42. Una composición que comprende un anticuerpo o fragmento inmunológicamente funcional del mismo de conformidad con la reivindicación 1 y un componente seleccionado del grupo que consiste de un amortiguador, diluyente farmacéuticamente aceptable, portador, solubilizador, emulsificador y conservador.

43. Una composición que comprende un anticuerpo o fragmento inmunológicamente funcional del mismo de conformidad con la reivindicación 16 y un componente seleccionado del grupo que consiste de un amortiguador, diluyente farmacéuticamente aceptable, portador, solubilizador, emulsificador y conservador.

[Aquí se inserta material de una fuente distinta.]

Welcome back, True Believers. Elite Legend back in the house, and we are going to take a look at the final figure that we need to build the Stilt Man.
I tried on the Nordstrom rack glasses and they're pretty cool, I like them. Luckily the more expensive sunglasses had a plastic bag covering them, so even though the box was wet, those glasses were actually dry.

44. Un método para tratar una enfermedad que comprende administrar a un paciente en necesidad del mismo una cantidad efectiva del anticuerpo o fragmento inmunológicamente activo del mismo de conformidad con la reivindicación 1, en donde la enfermedad se selecciona del grupo que consiste de artritis, enfermedades sensibles para la renovación de células germinales, enfermedades inflamatorias, enfermedades neurológicas, enfermedades oculares, enfermedades renales, enfermedades pulmonares y enfermedades de la piel.

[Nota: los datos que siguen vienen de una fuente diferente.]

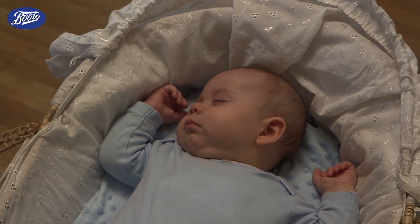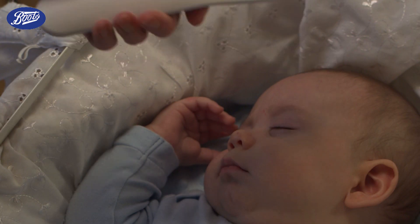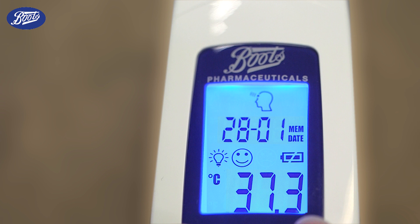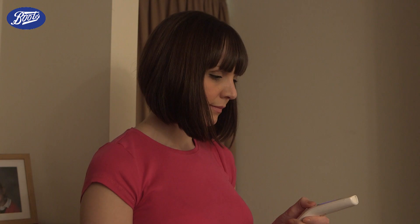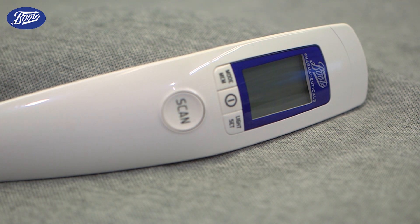You can also adjust how illuminated the display is depending on the darkness of the room, and you can store the last 60 readings to allow you to track your child's temperature changes when they're ill. The Boots Non-Contact Thermometer has clinically proven accuracy, making it just as effective as normal thermometers.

45. El método de conformidad con la reivindicación 44, en donde la enfermedad es artritis reumatoide, artritis psoriática y osteoartritis.

46. El método de conformidad con la reivindicación 44, en donde la enfermedad (a) es sensible a la renovación de células madre y se selecciona del grupo que consiste de diabetes, paro cardíaco crónico y enfermedades del músculo; (b) es una enfermedad inflamatoria seleccionada del grupo que consiste de la enfermedad de Crohn, colitis y enfermedad inflamatoria del intestino; (c) es una enfermedad neurológica seleccionada del grupo que consiste de la enfermedad de Alzheimer, enfermedad de Parkinson, y enfermedad de Huntington; (d) es una enfermedad ocular seleccionada del grupo que consiste de la degeneración macular y retinopatías; (e) es una enfermedad renal seleccionada del grupo que consiste de la enfermedad renal de etapa terminal, enfermedad renal crónica, glomerulonefritis, nefritis tubulointersticial y nefropatía de IgA; (f) es una enfermedad pulmonar seleccionada del grupo que consiste de enfermedad pulmonar obstructora crónica, fibrosis pulmonar idiopática y fibrosis enquistada; o (g) es una enfermedad de la piel resultante del daño inducido por quimioterapia al epitelio intestinal.